== EXERCISE DETAILS ==
Nothing should appear in the answer except the lines below from the line containing "Live-Roulette-Drehungen" through the line containing "GXT 144 REXX VERTICAL GAMING MOUSE", copied exactly, with pictures left out.

== EXERCISE MATERIAL ==
========================================================================

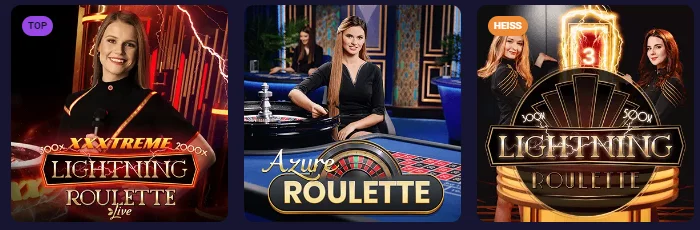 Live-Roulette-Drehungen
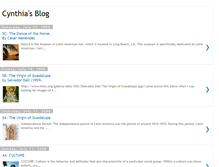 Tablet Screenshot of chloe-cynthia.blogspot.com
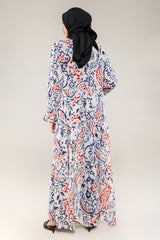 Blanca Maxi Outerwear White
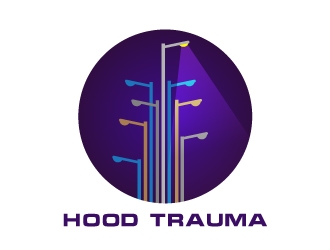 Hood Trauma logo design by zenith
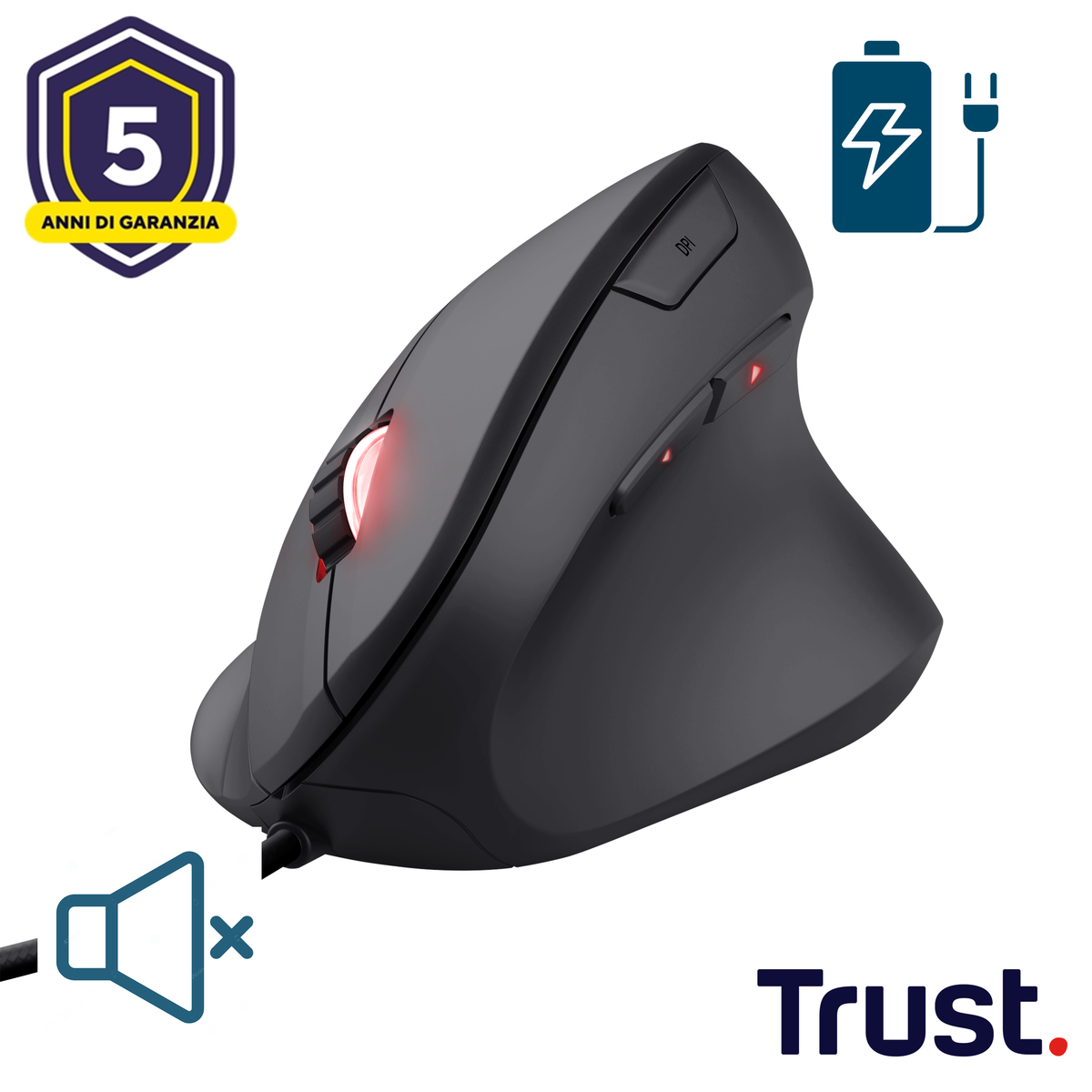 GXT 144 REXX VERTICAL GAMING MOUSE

========================================================================

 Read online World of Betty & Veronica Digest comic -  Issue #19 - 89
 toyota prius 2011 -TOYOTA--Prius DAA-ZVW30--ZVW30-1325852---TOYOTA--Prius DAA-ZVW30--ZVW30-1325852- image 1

========================================================================

== SOLUTION TO THIS EXERCISE ==
 Live-Roulette-Drehungen
 Tablet Screenshot of chloe-cynthia.blogspot.com
 Blanca Maxi Outerwear White
 Hood Trauma logo design by zenith
 GXT 144 REXX VERTICAL GAMING MOUSE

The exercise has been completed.